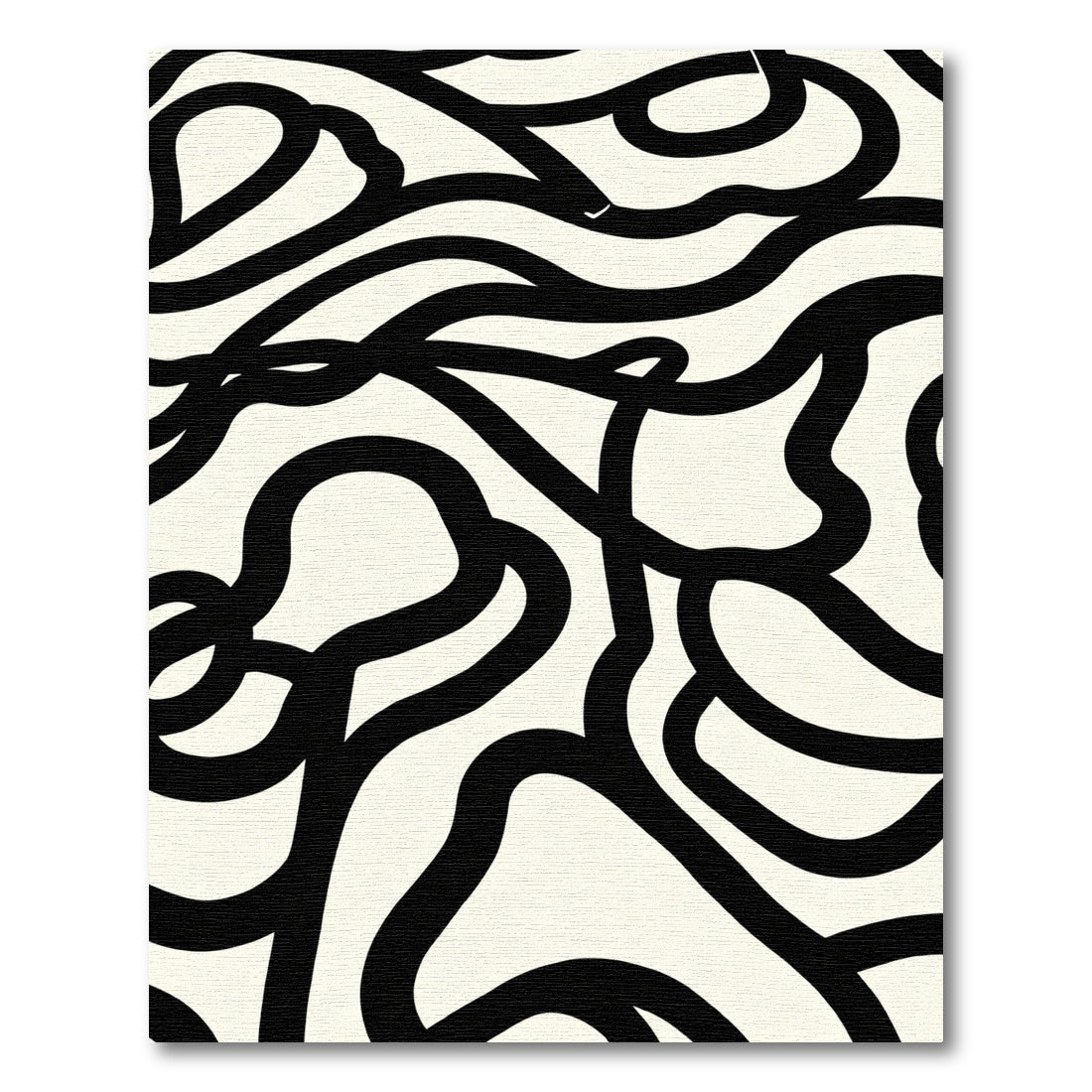 Bold Black Abstract Swirl Rug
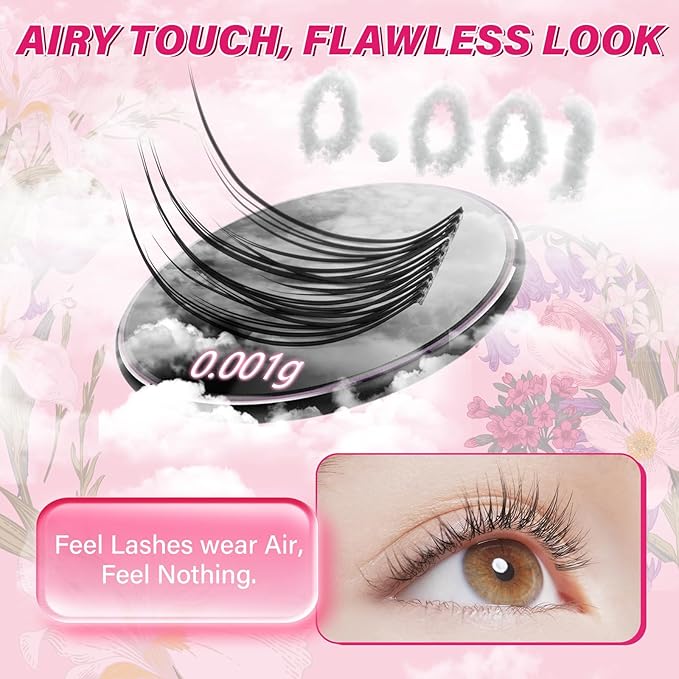 PROLASHBEAUTY Natural Lash Clusters Wispy Lashes Invisible Band Eyelash Clusters CC Curl Individual Lashes Natural Look Lashes Clusters with Super Thin Band Reusable Soft & Comfortable (Zora,8-16mix)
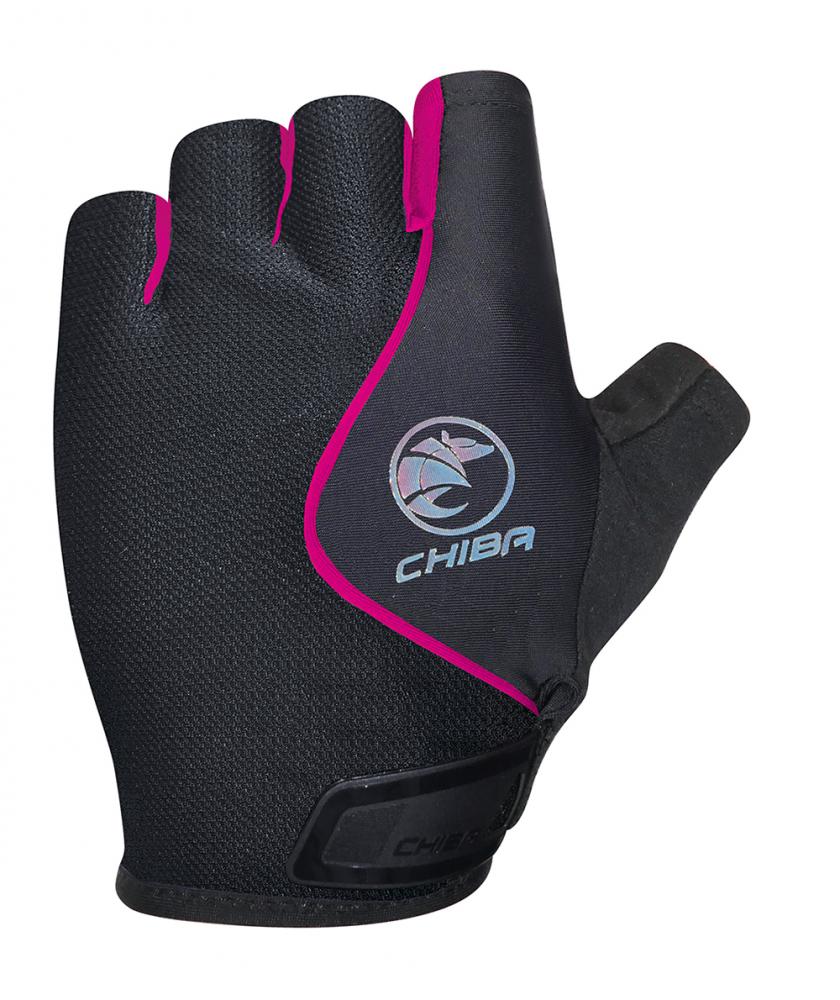CHIBA Lady Air Plus - Radhandschuhe Damen, kurz, M, schwarz/pink, atmungsaktiv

■ **What needs to be done**
Repeat the lines above exactly, and keep every picture out.

■ **Solution for this exercise**
 Bold Black Abstract Swirl Rug
 PROLASHBEAUTY Natural Lash Clusters Wispy Lashes Invisible Band Eyelash Clusters CC Curl Individual Lashes Natural Look Lashes Clusters with Super Thin Band Reusable Soft & Comfortable (Zora,8-16mix)
CHIBA Lady Air Plus - Radhandschuhe Damen, kurz, M, schwarz/pink, atmungsaktiv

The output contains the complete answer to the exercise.